🤖 AI Summary
End-to-end autonomous driving models suffer from poor feature map interpretability and difficulty in independent evaluation and optimization due to the absence of explicit supervision on intermediate modules. To address this, we propose a decoupled functional evaluation framework grounded in feature map quality scoring, introducing— for the first time—the Feature Map Convergence Score (FMCS) mechanism and a dual-granularity dynamic weighting scoring system with a unified quality metric. Our method, CLIP-FMQE-Net, employs a CLIP-based feature encoder coupled with a quality prediction head, jointly modeling feature–ground-truth similarity and incorporating dynamic weighting for fine-grained, real-time quality quantification. Integrated into a 3D object detector on NuScenes, our module improves the NuScenes Detection Score (NDS) by 3.89%, demonstrating substantial enhancement in both feature representation quality and end-to-end system performance.
📝 Abstract
End-to-end models are emerging as the mainstream in autonomous driving perception and planning. However, the lack of explicit supervision signals for intermediate functional modules leads to opaque operational mechanisms and limited interpretability, making it challenging for traditional methods to independently evaluate and train these modules.
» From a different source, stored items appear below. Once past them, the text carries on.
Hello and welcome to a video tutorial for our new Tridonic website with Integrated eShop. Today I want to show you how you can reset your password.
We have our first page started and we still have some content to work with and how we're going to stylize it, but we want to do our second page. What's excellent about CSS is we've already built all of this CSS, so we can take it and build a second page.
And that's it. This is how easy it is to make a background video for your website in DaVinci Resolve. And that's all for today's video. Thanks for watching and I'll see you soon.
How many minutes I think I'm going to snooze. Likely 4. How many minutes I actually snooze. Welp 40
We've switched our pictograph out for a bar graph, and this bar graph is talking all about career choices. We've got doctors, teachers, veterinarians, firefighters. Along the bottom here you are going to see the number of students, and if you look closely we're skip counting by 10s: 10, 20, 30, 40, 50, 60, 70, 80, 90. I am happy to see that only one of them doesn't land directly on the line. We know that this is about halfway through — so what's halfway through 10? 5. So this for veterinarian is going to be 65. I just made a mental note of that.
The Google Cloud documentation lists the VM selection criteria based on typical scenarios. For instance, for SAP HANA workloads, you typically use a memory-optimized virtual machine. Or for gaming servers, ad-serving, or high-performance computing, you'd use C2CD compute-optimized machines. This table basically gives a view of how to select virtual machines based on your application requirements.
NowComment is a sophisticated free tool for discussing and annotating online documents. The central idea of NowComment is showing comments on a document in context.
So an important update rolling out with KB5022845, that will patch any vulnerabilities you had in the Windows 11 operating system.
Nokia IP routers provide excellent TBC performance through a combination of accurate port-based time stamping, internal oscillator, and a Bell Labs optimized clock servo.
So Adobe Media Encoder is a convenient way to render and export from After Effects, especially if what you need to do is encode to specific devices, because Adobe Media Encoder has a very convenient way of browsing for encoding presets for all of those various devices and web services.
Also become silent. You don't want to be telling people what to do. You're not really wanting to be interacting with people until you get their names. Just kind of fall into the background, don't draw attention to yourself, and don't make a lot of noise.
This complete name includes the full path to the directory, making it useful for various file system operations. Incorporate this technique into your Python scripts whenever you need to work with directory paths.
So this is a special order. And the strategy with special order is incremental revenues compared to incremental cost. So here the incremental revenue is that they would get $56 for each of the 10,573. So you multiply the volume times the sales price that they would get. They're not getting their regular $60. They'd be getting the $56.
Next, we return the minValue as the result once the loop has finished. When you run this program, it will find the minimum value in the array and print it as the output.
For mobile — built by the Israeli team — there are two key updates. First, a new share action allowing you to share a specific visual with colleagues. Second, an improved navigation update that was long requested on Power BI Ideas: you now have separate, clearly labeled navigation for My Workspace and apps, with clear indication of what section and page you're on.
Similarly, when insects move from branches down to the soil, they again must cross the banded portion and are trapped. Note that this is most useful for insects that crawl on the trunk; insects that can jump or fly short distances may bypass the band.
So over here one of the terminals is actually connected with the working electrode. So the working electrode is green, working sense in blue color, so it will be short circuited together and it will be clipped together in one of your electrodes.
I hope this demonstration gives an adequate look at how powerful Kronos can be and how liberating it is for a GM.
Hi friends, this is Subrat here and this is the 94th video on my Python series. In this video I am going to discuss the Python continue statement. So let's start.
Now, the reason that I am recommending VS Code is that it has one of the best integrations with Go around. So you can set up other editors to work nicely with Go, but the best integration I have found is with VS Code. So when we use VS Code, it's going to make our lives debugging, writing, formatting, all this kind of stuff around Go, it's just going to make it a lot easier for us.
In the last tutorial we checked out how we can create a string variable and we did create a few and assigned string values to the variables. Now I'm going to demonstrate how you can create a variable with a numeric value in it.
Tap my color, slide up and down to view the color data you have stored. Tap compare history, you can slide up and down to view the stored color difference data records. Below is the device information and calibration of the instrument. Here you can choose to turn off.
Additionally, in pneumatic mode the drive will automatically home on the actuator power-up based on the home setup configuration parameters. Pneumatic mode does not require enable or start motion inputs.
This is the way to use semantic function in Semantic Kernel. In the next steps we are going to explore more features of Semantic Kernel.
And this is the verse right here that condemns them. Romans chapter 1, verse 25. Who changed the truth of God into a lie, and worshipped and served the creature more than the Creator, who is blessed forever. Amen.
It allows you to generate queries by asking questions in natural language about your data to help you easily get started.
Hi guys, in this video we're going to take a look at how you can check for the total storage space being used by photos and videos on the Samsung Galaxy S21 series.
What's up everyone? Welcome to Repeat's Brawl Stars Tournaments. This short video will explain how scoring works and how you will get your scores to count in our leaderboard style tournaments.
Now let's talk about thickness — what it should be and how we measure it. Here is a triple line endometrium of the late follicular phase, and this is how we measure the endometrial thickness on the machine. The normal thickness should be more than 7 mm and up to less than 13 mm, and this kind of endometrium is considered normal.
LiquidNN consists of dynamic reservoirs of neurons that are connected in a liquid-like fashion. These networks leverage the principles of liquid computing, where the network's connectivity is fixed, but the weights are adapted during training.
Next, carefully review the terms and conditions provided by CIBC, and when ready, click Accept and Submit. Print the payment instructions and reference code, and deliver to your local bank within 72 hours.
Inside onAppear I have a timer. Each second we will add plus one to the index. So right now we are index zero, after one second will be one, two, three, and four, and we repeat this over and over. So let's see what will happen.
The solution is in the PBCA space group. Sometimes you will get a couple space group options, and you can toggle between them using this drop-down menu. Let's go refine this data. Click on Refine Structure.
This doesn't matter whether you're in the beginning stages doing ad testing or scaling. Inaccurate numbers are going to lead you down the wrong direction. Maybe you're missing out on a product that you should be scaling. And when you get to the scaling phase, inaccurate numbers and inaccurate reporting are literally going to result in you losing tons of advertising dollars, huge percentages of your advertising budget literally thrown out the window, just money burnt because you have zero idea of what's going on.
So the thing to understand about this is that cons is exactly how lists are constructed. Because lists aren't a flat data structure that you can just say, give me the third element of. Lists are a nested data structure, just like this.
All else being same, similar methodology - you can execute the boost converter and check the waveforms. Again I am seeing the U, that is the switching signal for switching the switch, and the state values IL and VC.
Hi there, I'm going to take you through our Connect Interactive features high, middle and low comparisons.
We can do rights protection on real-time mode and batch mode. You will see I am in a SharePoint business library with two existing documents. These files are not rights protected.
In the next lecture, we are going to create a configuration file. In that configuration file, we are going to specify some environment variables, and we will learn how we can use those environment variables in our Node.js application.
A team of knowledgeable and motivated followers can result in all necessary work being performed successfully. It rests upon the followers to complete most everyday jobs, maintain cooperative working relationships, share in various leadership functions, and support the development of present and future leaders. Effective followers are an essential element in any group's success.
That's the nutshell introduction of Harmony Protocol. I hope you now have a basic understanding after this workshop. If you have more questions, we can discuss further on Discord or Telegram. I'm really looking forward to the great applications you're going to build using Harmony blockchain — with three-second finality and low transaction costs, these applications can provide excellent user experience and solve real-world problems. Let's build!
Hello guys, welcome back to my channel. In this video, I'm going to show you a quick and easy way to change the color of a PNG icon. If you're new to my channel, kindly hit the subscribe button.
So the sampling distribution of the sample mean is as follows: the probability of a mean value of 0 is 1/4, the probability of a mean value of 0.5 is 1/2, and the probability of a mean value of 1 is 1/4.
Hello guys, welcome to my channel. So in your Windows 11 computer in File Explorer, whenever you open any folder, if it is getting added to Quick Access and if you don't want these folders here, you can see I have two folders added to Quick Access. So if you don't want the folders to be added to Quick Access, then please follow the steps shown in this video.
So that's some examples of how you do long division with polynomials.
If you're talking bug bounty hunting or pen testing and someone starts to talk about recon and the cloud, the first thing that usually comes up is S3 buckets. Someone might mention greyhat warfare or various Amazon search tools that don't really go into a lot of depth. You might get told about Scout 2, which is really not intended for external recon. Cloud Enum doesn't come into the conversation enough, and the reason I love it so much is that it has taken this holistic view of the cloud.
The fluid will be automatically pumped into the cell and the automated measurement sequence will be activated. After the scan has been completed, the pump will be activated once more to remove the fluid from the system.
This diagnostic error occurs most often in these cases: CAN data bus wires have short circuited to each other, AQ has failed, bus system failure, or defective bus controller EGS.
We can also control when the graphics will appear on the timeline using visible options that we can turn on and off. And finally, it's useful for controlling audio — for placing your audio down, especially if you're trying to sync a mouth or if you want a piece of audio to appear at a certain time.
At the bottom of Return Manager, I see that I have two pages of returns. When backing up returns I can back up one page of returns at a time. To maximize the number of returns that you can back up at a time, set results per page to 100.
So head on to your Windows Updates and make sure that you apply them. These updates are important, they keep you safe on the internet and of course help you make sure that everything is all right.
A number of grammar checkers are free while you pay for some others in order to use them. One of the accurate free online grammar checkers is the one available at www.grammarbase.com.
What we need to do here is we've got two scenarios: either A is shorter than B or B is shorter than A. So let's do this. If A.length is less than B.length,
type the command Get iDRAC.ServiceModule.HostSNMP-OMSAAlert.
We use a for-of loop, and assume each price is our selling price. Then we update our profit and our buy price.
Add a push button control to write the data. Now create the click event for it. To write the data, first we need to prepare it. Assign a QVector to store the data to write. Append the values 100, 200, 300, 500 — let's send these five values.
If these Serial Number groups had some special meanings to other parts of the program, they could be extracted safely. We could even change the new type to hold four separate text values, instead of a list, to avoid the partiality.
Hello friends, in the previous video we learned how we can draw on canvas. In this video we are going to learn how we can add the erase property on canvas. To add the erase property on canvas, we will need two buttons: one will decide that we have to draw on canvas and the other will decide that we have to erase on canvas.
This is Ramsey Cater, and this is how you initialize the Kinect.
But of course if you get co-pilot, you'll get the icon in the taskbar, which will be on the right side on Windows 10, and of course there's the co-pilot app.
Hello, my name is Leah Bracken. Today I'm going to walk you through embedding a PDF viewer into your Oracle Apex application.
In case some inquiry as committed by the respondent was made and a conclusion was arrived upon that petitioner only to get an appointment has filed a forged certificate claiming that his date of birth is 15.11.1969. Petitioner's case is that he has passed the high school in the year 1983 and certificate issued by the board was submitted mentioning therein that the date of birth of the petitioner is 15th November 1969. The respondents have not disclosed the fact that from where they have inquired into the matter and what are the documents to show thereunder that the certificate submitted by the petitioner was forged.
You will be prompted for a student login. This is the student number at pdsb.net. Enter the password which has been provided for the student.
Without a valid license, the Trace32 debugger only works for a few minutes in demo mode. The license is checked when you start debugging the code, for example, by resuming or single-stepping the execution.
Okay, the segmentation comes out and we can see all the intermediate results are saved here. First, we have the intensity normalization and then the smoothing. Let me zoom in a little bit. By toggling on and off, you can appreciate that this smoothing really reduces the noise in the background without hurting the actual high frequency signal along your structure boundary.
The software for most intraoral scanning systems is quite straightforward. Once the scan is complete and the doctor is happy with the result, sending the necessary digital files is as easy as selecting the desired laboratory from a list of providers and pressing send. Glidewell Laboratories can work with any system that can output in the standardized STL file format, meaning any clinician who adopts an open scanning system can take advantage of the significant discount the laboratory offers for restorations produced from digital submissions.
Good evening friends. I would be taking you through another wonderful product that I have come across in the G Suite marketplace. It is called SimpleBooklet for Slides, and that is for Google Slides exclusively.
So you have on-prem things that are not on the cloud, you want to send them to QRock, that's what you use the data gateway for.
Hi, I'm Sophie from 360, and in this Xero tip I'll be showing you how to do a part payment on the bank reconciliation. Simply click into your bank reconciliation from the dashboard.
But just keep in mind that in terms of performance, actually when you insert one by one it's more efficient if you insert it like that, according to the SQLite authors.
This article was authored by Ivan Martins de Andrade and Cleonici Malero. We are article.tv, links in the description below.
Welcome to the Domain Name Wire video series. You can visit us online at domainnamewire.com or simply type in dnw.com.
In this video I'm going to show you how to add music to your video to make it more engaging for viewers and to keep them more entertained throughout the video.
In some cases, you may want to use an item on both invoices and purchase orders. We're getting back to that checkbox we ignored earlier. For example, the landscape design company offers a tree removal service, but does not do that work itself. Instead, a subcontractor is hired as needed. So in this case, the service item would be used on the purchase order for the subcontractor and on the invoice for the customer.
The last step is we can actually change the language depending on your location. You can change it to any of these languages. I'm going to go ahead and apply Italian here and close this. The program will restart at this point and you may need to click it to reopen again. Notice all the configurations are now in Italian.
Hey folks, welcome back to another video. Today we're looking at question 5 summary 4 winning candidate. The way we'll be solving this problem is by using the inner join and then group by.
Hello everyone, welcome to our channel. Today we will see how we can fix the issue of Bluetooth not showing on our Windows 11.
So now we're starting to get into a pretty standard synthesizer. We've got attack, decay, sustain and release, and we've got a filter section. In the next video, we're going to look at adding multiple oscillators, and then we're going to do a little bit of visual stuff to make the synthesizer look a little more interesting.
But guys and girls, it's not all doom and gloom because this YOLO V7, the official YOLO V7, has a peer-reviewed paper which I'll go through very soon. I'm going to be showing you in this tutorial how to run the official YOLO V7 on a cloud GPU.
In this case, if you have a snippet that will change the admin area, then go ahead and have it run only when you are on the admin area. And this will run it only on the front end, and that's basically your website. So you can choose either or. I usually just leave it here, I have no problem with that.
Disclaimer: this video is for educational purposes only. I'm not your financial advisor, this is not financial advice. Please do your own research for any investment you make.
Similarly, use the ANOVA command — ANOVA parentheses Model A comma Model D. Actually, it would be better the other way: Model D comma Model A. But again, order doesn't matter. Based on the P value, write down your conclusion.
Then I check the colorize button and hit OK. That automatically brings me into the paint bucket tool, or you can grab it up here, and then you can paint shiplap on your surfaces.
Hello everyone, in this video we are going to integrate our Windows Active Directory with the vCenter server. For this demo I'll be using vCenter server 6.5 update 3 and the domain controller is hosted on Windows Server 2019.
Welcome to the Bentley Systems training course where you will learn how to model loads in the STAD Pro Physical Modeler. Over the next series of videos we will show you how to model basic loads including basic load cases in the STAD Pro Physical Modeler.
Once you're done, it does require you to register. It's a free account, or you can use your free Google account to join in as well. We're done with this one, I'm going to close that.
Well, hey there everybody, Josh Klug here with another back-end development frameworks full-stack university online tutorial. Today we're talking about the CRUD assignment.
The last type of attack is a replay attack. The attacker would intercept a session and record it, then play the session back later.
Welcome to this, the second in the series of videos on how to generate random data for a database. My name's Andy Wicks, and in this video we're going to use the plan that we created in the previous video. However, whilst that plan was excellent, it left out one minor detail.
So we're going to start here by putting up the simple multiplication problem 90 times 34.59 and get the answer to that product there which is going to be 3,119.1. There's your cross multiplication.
Pioneering in the issue, this study builds upon the feature map-truth representation similarity-based evaluation framework and proposes an independent evaluation method based on Feature Map Convergence Score (FMCS). A Dual-Granularity Dynamic Weighted Scoring System (DG-DWSS) is constructed, formulating a unified quantitative metric - Feature Map Quality Score - to enable comprehensive evaluation of the quality of feature maps generated by functional modules. A CLIP-based Feature Map Quality Evaluation Network (CLIP-FMQE-Net) is further developed, combining feature-truth encoders and quality score prediction heads to enable real-time quality analysis of feature maps generated by functional modules. Experimental results on the NuScenes dataset demonstrate that integrating our evaluation module into the training improves 3D object detection performance, achieving a 3.89 percent gain in NDS. These results verify the effectiveness of our method in enhancing feature representation quality and overall model performance.